A verbatim transcript of the data below is required, images omitted.

*Material provided*:
######
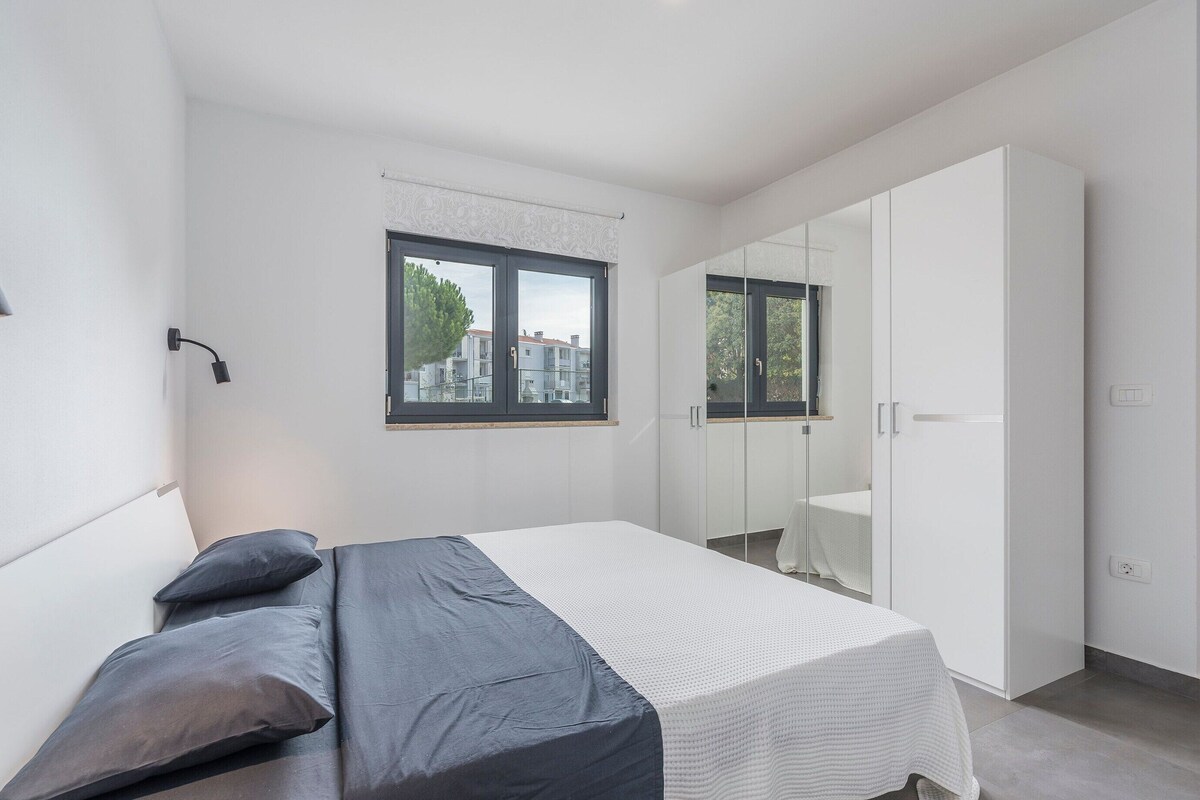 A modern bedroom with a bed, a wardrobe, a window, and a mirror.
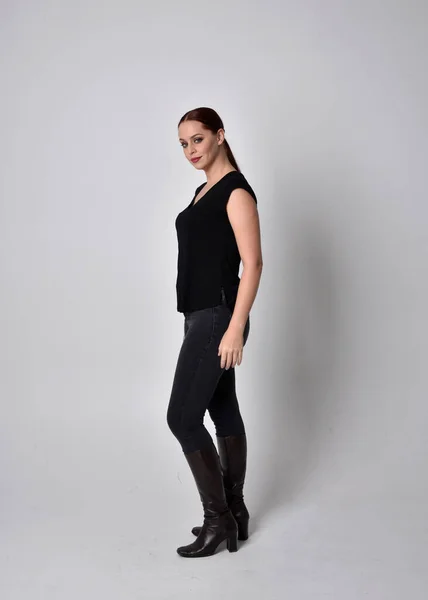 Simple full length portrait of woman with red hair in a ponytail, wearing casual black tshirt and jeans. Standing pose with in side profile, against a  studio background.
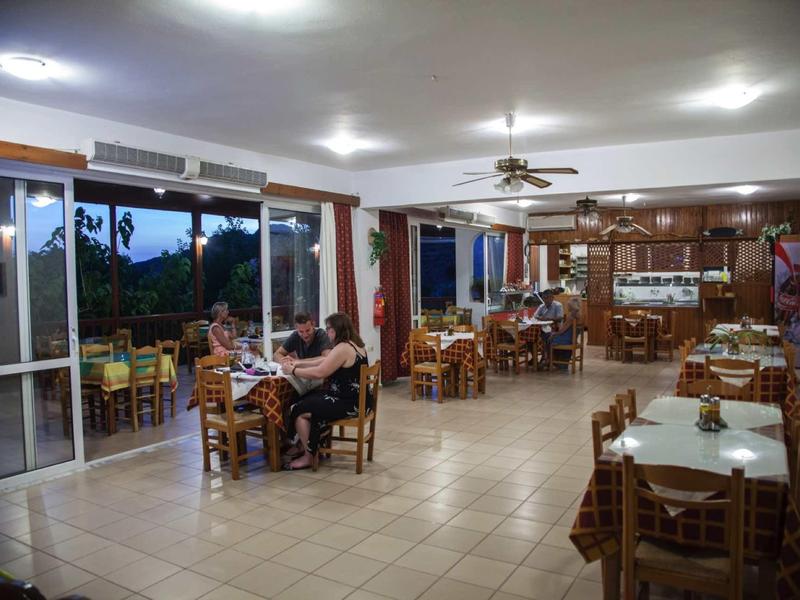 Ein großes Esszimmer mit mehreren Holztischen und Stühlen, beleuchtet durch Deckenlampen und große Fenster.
######
*Output for this exercise*:
 A modern bedroom with a bed, a wardrobe, a window, and a mirror.
 Simple full length portrait of woman with red hair in a ponytail, wearing casual black tshirt and jeans. Standing pose with in side profile, against a  studio background.
 Ein großes Esszimmer mit mehreren Holztischen und Stühlen, beleuchtet durch Deckenlampen und große Fenster.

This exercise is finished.